The world is changing at a rate faster than our ability to respond to the changes, resulting in the widening of inequality gaps and the gradual erosion of the middle class. Infrastructure facilities are the building blocks of a society upon which financial and human capital development can thrive. The role of infrastructure in ensuring economic growth at a time of sluggish global economy cannot be over-emphasized. According to the IMF, a 1% increase in infrastructure expenditure will result to an average of 1.5% points in GDP over 4 years and this goes as high as 2.6% points for more developed countries where infrastructure is properly planned and executed. Investment in infrastructure generates positive externalities making it an enabler of economic growth through a two-pronged stream of benefits: firstly, the flow of money into the economy through spending and secondly, the benefits of improved production capacities upon successful execution of an infrastructure project.
Nigeria, like many other emerging economies, has been struggling with building infrastructure with problems ranging from high project finance requirements to the inability of the government to actively engage the private sector in financing infrastructure projects. This has contributed immensely to her ever-increasing infrastructure deficit and a rapid deterioration of already existing ones. In a bid to break through this conundrum the following process is advised:
· Political Commitment: To be able to effectively engage the short-term profit-oriented private sector in investing in long-term-natured infrastructure, the government has to honestly speak the language of infrastructure building. Most times the government engages in the compression of the infrastructure cycle by looking for quick fixes and short-term investments in infrastructure that can create an illusion of progress rather than embark on long-term projects necessary for addressing the broader challenges. Through the provision of good leadership, outlining a strategy as well as creating agencies to effectively plan and implement infrastructure projects, the government can create an atmosphere that will attract private sector investment to the infrastructure market.

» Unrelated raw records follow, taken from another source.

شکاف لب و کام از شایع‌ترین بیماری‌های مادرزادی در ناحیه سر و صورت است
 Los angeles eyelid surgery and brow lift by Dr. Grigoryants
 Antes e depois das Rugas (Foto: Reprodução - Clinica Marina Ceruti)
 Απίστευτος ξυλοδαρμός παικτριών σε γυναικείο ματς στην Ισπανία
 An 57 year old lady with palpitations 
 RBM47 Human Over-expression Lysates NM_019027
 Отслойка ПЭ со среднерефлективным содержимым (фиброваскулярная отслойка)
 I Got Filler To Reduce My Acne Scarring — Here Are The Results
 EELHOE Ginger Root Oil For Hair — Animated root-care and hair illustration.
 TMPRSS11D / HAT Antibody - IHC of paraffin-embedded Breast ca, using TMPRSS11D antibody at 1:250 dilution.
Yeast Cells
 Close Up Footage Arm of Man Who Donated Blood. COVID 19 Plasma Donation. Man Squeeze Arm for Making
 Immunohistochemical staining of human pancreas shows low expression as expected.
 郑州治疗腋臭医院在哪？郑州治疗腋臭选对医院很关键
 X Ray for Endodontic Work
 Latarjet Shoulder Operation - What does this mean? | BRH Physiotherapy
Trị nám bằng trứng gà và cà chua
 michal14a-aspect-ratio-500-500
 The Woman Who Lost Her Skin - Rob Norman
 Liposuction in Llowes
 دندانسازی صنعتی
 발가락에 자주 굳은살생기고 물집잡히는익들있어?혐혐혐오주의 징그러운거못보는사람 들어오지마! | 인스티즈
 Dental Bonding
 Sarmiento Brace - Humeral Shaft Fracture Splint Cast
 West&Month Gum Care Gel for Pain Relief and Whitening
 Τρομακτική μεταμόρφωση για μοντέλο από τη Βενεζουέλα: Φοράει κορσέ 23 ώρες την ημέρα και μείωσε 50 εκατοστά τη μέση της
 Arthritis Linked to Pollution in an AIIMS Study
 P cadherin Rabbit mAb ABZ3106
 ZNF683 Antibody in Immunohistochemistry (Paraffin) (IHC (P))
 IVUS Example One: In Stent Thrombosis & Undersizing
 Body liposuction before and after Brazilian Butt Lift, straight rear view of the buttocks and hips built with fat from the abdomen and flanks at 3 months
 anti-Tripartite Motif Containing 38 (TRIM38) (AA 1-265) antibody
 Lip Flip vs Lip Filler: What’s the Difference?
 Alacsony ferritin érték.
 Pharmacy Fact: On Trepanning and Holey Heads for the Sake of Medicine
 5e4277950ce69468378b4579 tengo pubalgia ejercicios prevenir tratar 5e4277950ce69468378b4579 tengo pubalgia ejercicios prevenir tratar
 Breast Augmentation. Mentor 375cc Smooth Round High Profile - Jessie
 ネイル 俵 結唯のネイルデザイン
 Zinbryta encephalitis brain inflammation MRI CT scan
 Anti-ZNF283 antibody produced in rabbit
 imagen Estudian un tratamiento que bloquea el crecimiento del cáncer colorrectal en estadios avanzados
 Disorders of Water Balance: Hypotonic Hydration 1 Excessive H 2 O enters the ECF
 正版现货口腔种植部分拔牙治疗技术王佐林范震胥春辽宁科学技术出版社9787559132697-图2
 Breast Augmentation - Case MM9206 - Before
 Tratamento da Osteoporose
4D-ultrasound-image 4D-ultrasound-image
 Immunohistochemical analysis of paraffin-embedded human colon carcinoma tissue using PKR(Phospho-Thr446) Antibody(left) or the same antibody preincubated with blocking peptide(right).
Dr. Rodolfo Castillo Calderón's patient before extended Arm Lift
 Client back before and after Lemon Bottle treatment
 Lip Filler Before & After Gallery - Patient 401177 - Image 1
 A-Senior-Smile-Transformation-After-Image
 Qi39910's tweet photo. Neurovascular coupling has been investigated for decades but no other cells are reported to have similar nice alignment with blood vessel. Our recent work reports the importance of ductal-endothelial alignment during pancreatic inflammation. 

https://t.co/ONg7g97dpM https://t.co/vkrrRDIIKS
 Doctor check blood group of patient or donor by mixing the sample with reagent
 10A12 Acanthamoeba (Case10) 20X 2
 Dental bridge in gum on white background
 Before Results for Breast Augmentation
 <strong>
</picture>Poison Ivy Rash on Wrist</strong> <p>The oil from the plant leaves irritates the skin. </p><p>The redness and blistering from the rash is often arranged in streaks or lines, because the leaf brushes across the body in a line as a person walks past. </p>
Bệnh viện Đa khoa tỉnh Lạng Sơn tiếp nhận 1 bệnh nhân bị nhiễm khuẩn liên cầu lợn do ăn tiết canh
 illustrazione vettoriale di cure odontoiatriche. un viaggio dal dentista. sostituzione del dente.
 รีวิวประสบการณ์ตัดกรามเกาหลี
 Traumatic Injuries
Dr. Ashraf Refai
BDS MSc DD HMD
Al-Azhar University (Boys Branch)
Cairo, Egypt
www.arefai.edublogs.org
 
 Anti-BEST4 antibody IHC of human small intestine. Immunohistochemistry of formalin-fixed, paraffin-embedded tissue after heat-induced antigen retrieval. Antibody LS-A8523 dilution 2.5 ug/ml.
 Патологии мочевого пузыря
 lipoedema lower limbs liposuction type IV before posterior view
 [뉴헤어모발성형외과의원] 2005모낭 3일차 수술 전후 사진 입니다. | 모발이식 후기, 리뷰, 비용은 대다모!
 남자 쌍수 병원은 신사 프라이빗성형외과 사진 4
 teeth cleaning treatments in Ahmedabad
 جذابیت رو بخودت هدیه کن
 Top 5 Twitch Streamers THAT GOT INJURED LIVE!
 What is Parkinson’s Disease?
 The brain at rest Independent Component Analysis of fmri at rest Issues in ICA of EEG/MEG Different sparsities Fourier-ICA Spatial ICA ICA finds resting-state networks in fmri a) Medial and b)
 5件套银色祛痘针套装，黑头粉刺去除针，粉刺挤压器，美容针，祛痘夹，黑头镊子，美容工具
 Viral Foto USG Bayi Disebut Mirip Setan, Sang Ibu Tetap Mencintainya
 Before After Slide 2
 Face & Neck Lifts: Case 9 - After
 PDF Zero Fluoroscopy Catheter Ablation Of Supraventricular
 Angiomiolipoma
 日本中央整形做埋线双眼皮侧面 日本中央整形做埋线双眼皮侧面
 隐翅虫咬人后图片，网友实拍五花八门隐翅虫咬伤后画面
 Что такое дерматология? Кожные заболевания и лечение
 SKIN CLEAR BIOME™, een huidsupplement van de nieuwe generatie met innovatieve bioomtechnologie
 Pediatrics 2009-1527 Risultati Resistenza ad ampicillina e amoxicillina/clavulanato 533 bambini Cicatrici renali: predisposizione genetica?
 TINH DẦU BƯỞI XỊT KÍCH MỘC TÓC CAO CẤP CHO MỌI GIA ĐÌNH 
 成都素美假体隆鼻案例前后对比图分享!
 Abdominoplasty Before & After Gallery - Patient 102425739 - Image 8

· Decentralization of Infrastructure building: Federal structures lack the capacity to effectively accommodate the rate at which the world is changing thus limiting their ability to respond to these changes. Decentralization will make room for efficient needs assessment and the implementation of plausible projects tailored to meet each polity’s identified needs. The State governments should carry the greater responsibility for building infrastructure while being supported by the Federal government. When states focus on bridging their individual infrastructure gaps, the effect will be felt at the national level through an improvement in production capacities, reduced misery indices and improved living standards as well as a significant reduction in inter-state migration pressures.
· Open Consultations: Like any other project, infrastructure projects have risks imbedded that can deter investments from the private sector. It is therefore essential to engage in consultation with all stakeholders to capture their interests when designing an infrastructure project. For instance, if the dualization of a network of roads will encroach on a pre-existing market, adequate measures must be taken to inform the traders and educate them on the necessity of the project, re-settle affected traders and give ample time for the re-settlement process. All these will only be communicated effectively through open consultations. This will build people’s trust in the process, reduce the risks in the project and create an atmosphere that attracts domestic and foreign investment to infrastructure markets.
· PPPs: PPPs are not called Public-Private Partnerships without a reason. The government, just like their private sector partners, have a financial commitment. Though the budget allocation to capital expenditure has risen over the past years, more still needs to be done to achieve the results we clamour for. The government should also design bankable projects to attract private sector investment regardless of the class of infrastructure. As unattractive as sanitation might seem, if properly packaged into a bankable infrastructure project, it can attract private sector investment.
· Regulatory Adjustments: There are two ways to finance infrastructure: through government funds and through capital markets. Due to the large financial requirement and long-term nature of infrastructure, capital markets are always considered the most suitable financing option. Regulatory restrictions can create risks to financing infrastructure through capital markets. It is therefore essential to de-risk infrastructure projects requiring investment by improving their operational environment. Brazil, for instance, had to change some of the regulations for insurance and pension-fund systems, allowing them to have a larger share of their investment in infrastructure bonds.
The world is transitioning from being satisfied with merely achieving quantitative improvement to qualitative improvement in sectors like education, health, transport and sanitation. Nigeria should not lag behind. More needs to be done to protect her citizens from the effects of the world’s dynamism. The advantage of investing in infrastructure is that it stimulates demand in the short term, through job creation, and creates new supply in the medium term. Deliberate steps need to be taken to build the schools, hospitals, airports, rail tracks and execute other infrastructure projects that will serve as catalysts for economic growth and improve the general well-being of people.